─── Data records ───

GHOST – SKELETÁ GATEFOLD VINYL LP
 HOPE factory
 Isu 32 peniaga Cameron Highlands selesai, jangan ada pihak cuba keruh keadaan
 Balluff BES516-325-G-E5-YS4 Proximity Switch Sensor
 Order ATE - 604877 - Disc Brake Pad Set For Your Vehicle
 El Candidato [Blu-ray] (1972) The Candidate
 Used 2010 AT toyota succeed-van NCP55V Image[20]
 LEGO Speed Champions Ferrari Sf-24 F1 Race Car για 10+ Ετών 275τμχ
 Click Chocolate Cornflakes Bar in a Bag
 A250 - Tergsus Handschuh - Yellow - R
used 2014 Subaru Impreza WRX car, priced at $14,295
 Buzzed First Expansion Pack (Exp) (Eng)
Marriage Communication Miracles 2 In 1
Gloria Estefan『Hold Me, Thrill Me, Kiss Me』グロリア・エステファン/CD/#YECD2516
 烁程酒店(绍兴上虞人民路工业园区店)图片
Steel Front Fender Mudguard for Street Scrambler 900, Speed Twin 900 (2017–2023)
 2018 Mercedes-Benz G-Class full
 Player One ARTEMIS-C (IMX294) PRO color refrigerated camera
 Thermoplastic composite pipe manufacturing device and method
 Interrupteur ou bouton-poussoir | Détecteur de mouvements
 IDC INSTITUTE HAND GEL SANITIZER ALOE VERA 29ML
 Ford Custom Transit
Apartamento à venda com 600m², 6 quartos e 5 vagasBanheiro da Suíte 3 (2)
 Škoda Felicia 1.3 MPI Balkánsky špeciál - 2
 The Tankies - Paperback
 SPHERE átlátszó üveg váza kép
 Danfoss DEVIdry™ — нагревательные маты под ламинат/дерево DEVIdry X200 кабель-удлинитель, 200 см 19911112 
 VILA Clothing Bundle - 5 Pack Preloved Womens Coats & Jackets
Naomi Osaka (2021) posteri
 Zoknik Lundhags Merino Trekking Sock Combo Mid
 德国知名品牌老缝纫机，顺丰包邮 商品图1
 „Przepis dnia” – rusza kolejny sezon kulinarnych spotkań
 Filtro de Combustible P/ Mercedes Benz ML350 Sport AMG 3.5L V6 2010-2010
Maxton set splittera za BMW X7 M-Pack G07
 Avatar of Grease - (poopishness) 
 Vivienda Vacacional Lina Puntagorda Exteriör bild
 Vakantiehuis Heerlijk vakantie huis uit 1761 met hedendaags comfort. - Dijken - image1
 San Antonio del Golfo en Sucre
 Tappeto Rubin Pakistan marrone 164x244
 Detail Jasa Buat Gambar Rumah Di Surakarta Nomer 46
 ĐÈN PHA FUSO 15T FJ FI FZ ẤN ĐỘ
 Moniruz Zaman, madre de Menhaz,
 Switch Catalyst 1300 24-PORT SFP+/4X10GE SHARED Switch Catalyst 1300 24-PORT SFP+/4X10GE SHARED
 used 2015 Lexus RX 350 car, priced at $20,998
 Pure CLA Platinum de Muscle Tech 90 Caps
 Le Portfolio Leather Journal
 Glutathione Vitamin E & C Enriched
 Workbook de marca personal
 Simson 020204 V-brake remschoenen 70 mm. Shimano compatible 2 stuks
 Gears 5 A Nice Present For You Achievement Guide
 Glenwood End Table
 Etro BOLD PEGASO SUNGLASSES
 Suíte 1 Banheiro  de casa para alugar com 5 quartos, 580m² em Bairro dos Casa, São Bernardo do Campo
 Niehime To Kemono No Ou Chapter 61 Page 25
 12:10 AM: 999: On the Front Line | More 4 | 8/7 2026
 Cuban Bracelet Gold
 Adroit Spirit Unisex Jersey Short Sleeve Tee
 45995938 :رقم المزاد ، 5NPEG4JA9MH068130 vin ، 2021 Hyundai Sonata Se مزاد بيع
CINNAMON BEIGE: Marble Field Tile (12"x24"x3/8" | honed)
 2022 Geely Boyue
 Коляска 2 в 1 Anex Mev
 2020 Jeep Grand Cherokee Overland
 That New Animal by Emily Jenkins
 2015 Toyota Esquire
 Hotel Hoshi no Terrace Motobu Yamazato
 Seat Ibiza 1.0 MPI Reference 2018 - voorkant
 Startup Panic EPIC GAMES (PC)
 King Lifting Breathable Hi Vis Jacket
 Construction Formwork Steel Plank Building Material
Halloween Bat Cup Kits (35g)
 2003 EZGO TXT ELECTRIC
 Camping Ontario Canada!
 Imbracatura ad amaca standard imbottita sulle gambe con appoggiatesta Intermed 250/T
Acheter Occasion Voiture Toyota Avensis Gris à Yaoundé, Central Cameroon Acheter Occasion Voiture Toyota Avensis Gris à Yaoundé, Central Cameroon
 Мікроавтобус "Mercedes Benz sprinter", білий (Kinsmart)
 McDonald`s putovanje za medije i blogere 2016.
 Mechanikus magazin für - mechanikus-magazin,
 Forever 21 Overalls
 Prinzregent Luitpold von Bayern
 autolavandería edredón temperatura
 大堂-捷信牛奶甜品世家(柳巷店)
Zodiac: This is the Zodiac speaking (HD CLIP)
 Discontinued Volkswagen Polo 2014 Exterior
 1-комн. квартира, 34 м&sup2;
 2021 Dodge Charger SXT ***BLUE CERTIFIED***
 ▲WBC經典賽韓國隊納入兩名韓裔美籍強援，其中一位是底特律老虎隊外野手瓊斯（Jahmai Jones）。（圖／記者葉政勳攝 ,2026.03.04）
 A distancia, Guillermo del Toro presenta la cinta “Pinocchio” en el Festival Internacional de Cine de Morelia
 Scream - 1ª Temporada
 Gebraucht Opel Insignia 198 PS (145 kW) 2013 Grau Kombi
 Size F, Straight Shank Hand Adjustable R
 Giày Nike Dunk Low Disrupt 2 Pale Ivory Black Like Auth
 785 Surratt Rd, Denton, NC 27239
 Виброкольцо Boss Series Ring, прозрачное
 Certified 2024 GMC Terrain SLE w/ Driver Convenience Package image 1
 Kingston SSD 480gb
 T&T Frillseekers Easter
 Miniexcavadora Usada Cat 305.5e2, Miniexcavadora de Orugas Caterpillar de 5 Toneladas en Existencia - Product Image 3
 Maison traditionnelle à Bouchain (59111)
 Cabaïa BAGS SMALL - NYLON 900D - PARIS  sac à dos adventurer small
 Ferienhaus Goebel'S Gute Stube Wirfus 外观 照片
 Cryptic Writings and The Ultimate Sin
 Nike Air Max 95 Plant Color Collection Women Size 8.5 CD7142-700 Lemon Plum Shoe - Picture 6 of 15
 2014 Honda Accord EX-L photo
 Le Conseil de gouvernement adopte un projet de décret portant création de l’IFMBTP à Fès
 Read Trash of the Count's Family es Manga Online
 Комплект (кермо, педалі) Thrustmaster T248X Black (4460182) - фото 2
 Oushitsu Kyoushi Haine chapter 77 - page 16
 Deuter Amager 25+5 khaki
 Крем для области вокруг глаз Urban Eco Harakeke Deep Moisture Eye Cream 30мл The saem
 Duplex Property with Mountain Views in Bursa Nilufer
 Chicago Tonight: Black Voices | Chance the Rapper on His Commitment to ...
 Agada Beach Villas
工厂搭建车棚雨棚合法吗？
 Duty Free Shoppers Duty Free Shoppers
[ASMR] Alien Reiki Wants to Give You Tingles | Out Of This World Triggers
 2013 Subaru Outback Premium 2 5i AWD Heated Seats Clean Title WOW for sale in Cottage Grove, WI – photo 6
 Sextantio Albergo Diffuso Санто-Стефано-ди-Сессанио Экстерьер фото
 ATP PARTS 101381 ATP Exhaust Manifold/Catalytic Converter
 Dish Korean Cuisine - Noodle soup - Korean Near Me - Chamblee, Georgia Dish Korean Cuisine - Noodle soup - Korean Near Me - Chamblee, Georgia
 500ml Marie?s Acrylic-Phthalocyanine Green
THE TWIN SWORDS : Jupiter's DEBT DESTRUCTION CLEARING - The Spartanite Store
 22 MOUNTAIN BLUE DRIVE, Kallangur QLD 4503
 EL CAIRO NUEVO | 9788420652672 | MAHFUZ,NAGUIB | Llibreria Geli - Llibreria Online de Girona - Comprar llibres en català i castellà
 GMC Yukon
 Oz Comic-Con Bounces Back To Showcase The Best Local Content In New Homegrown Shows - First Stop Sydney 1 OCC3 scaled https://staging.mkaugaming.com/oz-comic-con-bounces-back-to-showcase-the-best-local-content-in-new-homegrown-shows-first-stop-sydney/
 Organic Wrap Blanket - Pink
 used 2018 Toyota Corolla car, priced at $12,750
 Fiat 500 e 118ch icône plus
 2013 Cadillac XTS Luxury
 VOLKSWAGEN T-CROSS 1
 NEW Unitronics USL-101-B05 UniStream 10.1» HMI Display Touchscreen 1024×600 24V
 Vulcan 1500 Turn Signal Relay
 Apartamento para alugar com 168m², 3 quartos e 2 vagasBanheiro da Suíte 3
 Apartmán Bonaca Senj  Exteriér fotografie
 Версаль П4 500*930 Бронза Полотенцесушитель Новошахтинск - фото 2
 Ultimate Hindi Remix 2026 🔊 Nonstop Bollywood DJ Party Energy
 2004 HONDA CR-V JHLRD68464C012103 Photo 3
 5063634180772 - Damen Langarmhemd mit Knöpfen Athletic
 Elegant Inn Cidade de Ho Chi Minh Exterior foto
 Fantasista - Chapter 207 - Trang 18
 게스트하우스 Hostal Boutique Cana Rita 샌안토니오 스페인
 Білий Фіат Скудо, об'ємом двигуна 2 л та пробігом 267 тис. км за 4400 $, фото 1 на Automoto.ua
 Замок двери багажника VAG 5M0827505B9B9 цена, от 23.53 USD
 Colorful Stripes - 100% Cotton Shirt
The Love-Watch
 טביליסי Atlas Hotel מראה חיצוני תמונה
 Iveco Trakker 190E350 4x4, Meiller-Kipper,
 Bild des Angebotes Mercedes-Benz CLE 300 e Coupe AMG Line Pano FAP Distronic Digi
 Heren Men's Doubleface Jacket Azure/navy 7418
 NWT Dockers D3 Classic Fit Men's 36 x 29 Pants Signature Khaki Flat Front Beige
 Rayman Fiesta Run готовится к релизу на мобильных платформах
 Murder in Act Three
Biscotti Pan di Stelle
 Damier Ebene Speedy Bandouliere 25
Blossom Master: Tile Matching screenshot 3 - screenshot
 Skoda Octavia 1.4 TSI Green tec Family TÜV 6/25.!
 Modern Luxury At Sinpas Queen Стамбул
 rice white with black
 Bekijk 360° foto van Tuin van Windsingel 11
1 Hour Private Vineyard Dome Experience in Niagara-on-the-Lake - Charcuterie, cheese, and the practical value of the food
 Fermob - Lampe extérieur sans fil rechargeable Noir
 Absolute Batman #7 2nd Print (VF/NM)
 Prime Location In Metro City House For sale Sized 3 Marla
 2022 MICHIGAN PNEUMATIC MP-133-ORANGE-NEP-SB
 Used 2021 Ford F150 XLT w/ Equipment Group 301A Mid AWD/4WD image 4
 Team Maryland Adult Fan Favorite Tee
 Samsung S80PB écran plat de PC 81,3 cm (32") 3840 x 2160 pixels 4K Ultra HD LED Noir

───

**What you will do**
The answer is a number only: how many lines of the data above include "Hotel"?

**Exercise response**
2